28 Ağustos, 2007

Anayasamız Hayatımız!

Kayıtsız kalamayacağınız, hepimizin yaşamını, geleceğini kökünden etkileyecek çok temel bir belge, Anayasa. Anayasa’ya toplumun hangi kesiminde olursanız olun, sahip çıkmalı, tüm içeriğini genel-özel yönelimlerini tartışmalıyız.
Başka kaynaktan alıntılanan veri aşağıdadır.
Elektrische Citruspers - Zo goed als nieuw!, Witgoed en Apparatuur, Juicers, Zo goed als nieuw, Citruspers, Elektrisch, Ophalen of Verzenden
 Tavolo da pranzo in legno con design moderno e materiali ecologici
Eğer laikliği korumak istiyorsanız;

Eğer tam demokratik bir Türkiye istiyorsanız;

Eğer başkanlık sistemi, yarı başkanlık sistemi ya da daha güçlü bir parlamenter bir sistem istiyorsanız;

Devletin kurumları arasındaki denge, Cumhurbaşkanının yetkileri, seçimi konusunda aklınıza yatmayanlar varsa, durmayın Anayasa tartışmalarına katılın, nedenlerinizi, gerekçelerinizi yazın.

Anayasa yapmak sadece uzmanların işi değildir, üye olduğunuz sivil toplum kuruluşunu harekete geçirin veya bireysel olarak katılın, yeni Anayasanın yapımına.
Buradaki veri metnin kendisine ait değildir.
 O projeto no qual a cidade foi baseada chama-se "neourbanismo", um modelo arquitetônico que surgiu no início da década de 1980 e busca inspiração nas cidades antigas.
Anayasamız ancak böyle “sivil” olacak. Temsili demokrasiden, katılımcı demokrasiye geçmek için artık el verin, katılımcı olmaktan uzak durmayın.

Toplumsal “uzlaşmanın”, toplumun taleplerinin, çağın gereklerinin, beklentilerinin, hukuk devleti olmanın adil ve sosyal bir devlet olmanın belgesidir, Anayasa.

Ülkemizin, Cumhuriyetimizin, çağdaş demokrasimizin sınırlarını Anayasamız çizecek, katılın ki bu çizgilerin vicdanlı, ahlaklı, geleceğimizi öngörecek ilkelerle bezenmesine aracılık edebilelim.

Güzel Türkçemizi egemen kılalım Anayasamıza, az, öz, açık anlamlarla bezeyelim, mümkün olduğu kadar herkese göre eğilip bükülen, herkesin istediği anlamları çıkardığı maddelerden kurtaralım.

Cumhuriyetimiz üzerinde askeri, bürokratik ve “sivil” vesayet kurmak isteyenlere engel olalım.

Tüm bunlar için, sadece sandığı beklemeyin, yapım sürecine dahil olun, “ses” verin, “demokratik” bir anayasa için çaba harcayanlara güç-destek verin.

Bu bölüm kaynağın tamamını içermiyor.